* Task requirements *
Examine the material below. Gather every line in which the string "Linen" appears.

* Task inputs *
+++++
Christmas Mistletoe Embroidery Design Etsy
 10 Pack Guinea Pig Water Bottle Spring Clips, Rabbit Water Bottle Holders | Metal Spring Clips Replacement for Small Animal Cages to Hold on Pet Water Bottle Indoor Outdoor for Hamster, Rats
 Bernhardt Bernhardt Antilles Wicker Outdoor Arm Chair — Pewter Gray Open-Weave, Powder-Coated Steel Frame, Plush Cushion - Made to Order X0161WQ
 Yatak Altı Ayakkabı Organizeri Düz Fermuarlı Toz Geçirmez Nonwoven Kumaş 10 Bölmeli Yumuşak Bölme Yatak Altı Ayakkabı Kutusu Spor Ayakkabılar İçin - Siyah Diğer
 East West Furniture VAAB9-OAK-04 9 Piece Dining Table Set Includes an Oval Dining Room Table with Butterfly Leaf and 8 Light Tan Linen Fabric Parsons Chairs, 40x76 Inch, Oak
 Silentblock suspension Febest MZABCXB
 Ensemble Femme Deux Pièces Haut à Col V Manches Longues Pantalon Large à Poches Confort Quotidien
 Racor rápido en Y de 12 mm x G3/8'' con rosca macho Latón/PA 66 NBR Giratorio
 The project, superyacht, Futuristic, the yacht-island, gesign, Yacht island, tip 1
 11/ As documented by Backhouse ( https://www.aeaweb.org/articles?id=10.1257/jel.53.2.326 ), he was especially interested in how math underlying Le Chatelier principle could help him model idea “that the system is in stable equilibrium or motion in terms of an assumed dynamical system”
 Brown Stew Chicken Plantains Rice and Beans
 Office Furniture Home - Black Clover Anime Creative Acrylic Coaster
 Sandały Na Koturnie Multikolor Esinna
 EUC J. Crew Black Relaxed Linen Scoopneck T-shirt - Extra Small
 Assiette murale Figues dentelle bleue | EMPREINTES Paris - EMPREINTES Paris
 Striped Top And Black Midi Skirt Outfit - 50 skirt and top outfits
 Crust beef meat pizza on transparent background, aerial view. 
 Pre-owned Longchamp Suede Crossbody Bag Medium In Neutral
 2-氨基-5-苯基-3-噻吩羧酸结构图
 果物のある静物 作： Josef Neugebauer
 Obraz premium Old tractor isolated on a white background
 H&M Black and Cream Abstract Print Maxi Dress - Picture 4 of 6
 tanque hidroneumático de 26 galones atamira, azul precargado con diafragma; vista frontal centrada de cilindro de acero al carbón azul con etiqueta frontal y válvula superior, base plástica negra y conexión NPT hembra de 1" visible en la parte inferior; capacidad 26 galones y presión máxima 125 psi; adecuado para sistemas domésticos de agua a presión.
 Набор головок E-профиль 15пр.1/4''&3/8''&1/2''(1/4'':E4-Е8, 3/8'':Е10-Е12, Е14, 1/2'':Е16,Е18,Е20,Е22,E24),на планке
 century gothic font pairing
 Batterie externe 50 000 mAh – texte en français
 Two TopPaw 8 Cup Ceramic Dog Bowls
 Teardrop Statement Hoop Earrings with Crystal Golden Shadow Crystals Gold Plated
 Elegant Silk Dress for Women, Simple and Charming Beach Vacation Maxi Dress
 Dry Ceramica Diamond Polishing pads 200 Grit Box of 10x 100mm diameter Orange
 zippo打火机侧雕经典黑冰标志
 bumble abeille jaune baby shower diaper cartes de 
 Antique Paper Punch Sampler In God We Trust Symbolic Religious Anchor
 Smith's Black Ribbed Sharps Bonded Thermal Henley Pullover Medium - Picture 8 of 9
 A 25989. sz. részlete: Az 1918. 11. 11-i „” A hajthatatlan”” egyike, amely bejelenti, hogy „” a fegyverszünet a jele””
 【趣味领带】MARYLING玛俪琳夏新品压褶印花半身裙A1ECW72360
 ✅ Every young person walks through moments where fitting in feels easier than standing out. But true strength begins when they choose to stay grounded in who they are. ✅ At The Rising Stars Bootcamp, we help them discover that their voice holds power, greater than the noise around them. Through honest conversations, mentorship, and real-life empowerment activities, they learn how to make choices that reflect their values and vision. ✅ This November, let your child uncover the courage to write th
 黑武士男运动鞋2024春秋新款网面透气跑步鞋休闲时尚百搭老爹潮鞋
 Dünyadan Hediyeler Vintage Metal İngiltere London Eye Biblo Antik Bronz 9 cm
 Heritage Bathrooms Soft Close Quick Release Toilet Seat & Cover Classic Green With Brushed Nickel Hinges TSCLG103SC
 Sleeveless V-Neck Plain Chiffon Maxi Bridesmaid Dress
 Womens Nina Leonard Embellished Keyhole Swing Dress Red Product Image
+++++
* Solution to the problem *
 East West Furniture VAAB9-OAK-04 9 Piece Dining Table Set Includes an Oval Dining Room Table with Butterfly Leaf and 8 Light Tan Linen Fabric Parsons Chairs, 40x76 Inch, Oak
 EUC J. Crew Black Relaxed Linen Scoopneck T-shirt - Extra Small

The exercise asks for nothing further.